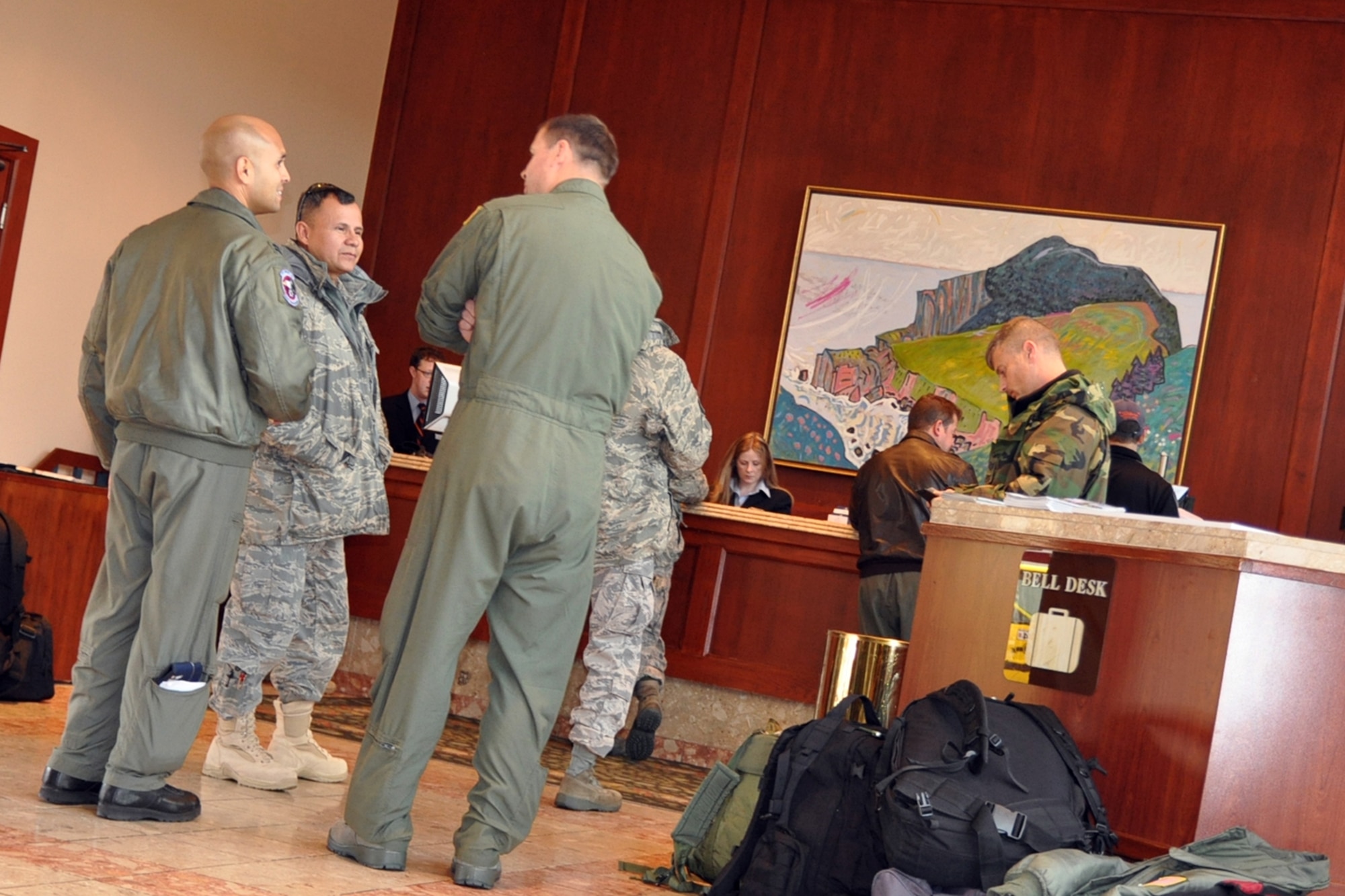 ST. JOHN'S, Newfoundland and Labrador -- 910th Airlift Wing Servicemembers from Youngstown Air Reserve Station, Ohio, wait in line at the front desk of the Delta St. John's Hotel and Conference Centre here, Oct. 12, 2009, while enroute to Ramstein Air Base, Germany, in support of Operation Joint Enterprise. These Airmen, part of a second rotation, will support OJE through airlift missions throughout Europe, Central and Africa Commands. U.S. Air Force photo by Senior Airman Brenda Haines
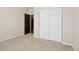 Comfortable bedroom with neutral carpeting and a closet offers a calming retreat at 24437 E Powers Ave, Aurora, CO 80016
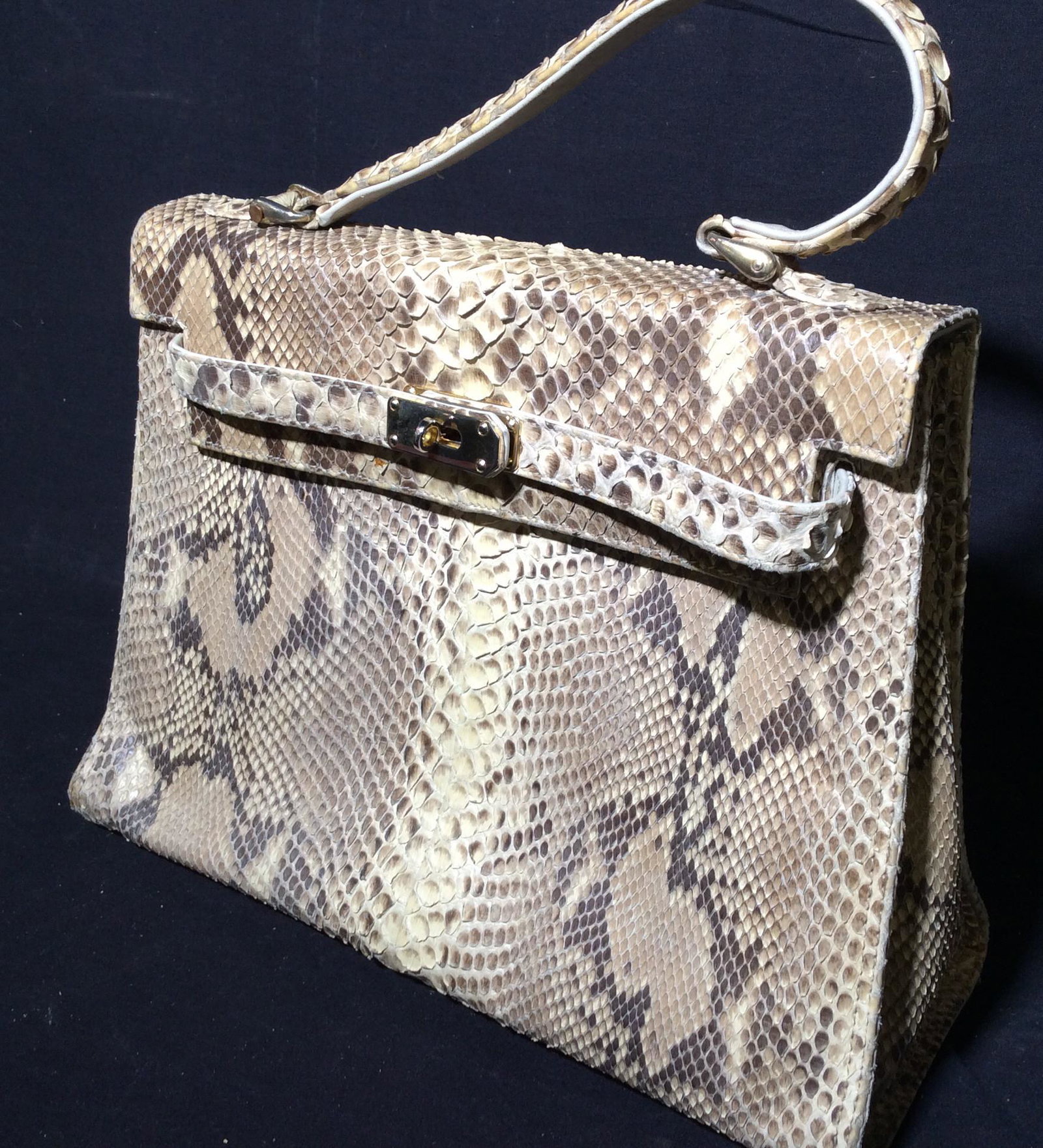 Genuine Leather Snakeskin Handbag, Italy: Snakeskin Bag, can feel the scales, Bag Made in Italy, interior flap genuine white leather. 1 carry handle. Twist lock closure, gold tone hardware accessories. Interior beige cotton weave, mild blemis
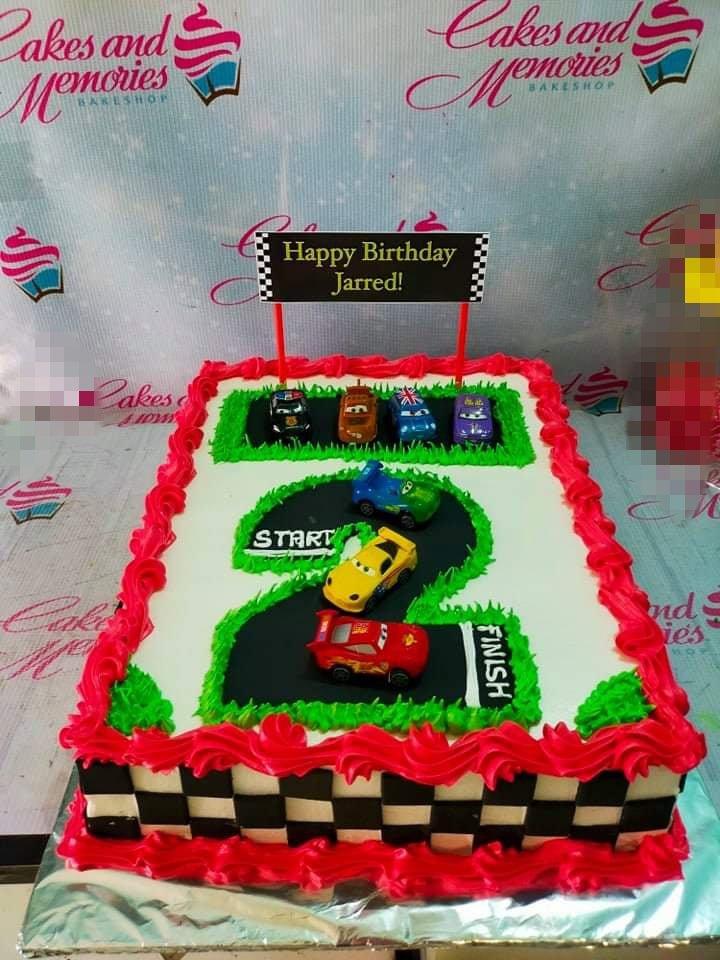 Disney Cars themed rectangle birthday cake with a number 2 racetrack design, toy cars, and red icing borders.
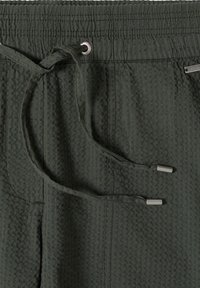 Pantalon en tissu texturé vert foncé avec une taille élastique et des cordons assortis munis d'embouts métalliques.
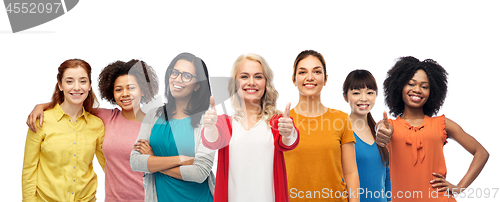 Image of international group of women showing thumbs up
· · · · · · ·
#### [How to complete this task]
Only the pictures stay behind; everything else in the data above is to be retyped exactly.

#### [Result for this task]
 ST. JOHN'S, Newfoundland and Labrador -- 910th Airlift Wing Servicemembers from Youngstown Air Reserve Station, Ohio, wait in line at the front desk of the Delta St. John's Hotel and Conference Centre here, Oct. 12, 2009, while enroute to Ramstein Air Base, Germany, in support of Operation Joint Enterprise. These Airmen, part of a second rotation, will support OJE through airlift missions throughout Europe, Central and Africa Commands. U.S. Air Force photo by Senior Airman Brenda Haines
 Comfortable bedroom with neutral carpeting and a closet offers a calming retreat at 24437 E Powers Ave, Aurora, CO 80016
 Genuine Leather Snakeskin Handbag, Italy: Snakeskin Bag, can feel the scales, Bag Made in Italy, interior flap genuine white leather. 1 carry handle. Twist lock closure, gold tone hardware accessories. Interior beige cotton weave, mild blemis
 Disney Cars themed rectangle birthday cake with a number 2 racetrack design, toy cars, and red icing borders.
 Pantalon en tissu texturé vert foncé avec une taille élastique et des cordons assortis munis d'embouts métalliques.
 Image of international group of women showing thumbs up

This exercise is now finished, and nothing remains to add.